Reputation: 45
Sample Data -
Header1, full_name, header3, header4
20, "Tom, ZZZ", "test", 30
CSVReader csvReader = new CSVReader(reader, ',', '"');
The second row doesn't read as expected. since there is a double quote in the full_name column value.
I want to ignore such cases. any suggestion would be appreciated.
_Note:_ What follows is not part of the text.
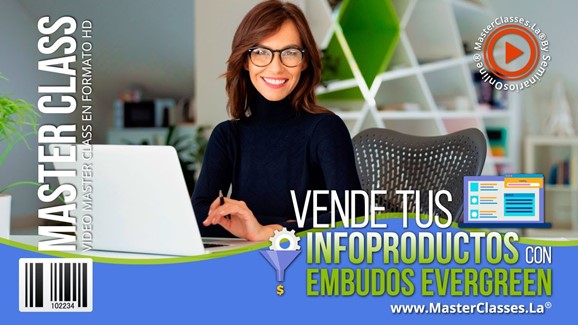 Vende Tus Infoproductos con Embudos Evergreen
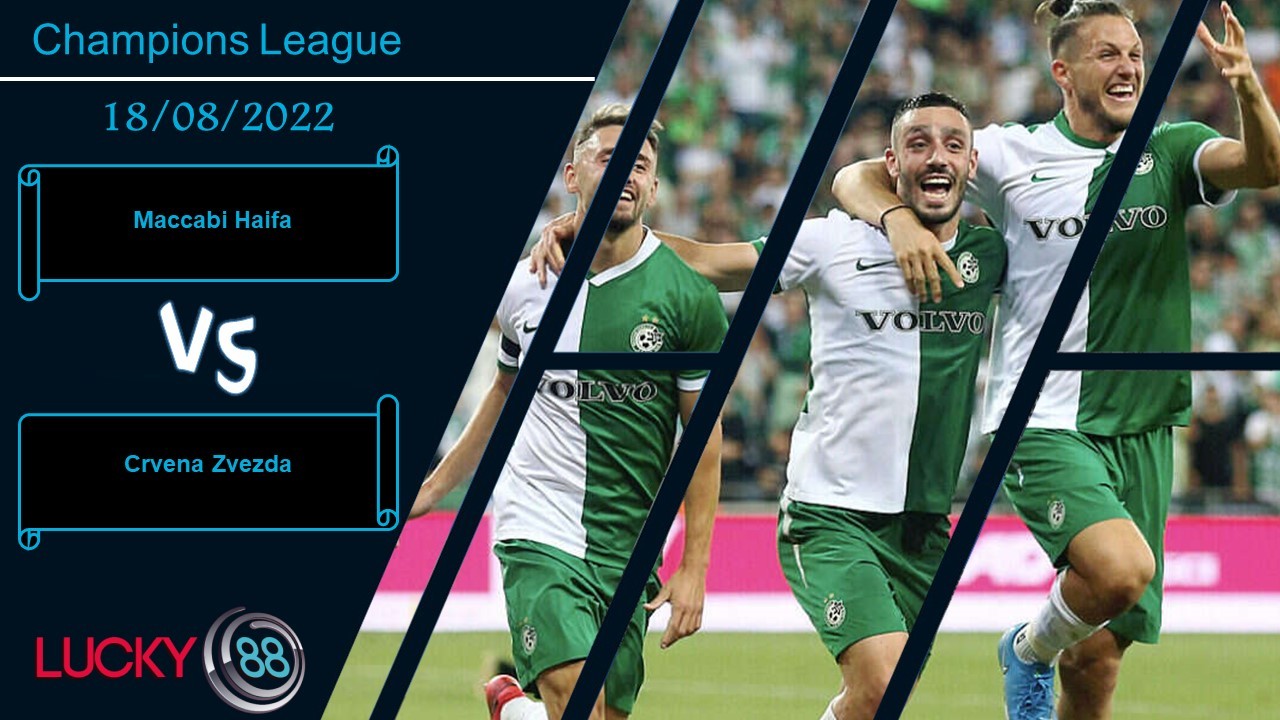 LUCKY88 Maccabi Haifa vs Crvena Zvezda, Nhận định bóng đá 18/08/2022, Bộ mặt đáng tin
using openCSV java api for parsing.
Edit:
I am getting the data from database. one of the database column field has that one double quote in it's value. Because of that the csv data looks malformed.
Upvotes: 3
Views: 6206
Reputation: 6289
univocity-parsers can handle unescaped quotes and is also 4x faster than opencsv. Try this code:
public static void main(String... args){
String input = "" +
"20, \"bob, XXX\", \"test\", 30\n" +
"20, \"evan\"s,YYY \", \"test\", 30\n" +
"20, \"Tom, ZZZ\", \"test\", 30 ";
CsvParserSettings settings = new CsvParserSettings();
CsvParser parser = new CsvParser(settings);
List<String[]> rows = parser.parseAll(new StringReader(input));
//printing values enclosed in [ ] to make sure you are getting the expected result
for(String[] row : rows){
for(String value : row){
System.out.print("[" + value + "],");
}
System.out.println();
}
}
This will produce:
[20],[bob, XXX],[test],[30],
[20],["evan"s],[YYY "],[test],[30],
[20],[Tom, ZZZ],[test],[30],
Additionally, you can control how to handle unescaped quotes with one of:
settings.setUnescapedQuoteHandling(UnescapedQuoteHandling.STOP_AT_DELIMITER);
settings.setUnescapedQuoteHandling(UnescapedQuoteHandling.STOP_AT_CLOSING_QUOTE);
settings.setUnescapedQuoteHandling(UnescapedQuoteHandling.RAISE_ERROR);
settings.setUnescapedQuoteHandling(UnescapedQuoteHandling.SKIP_VALUE);
When reading large files, you can use a RowProcessor
or iterate over each row like this:
parser.beginParsing(new File("/path/to/your.csv"));
String[] row;
while ((row = parser.parseNext()) != null) {
// process row
}
Disclaimer: I'm the author of this libary. It's open source and free (Apache 2.0 license)
Upvotes: 2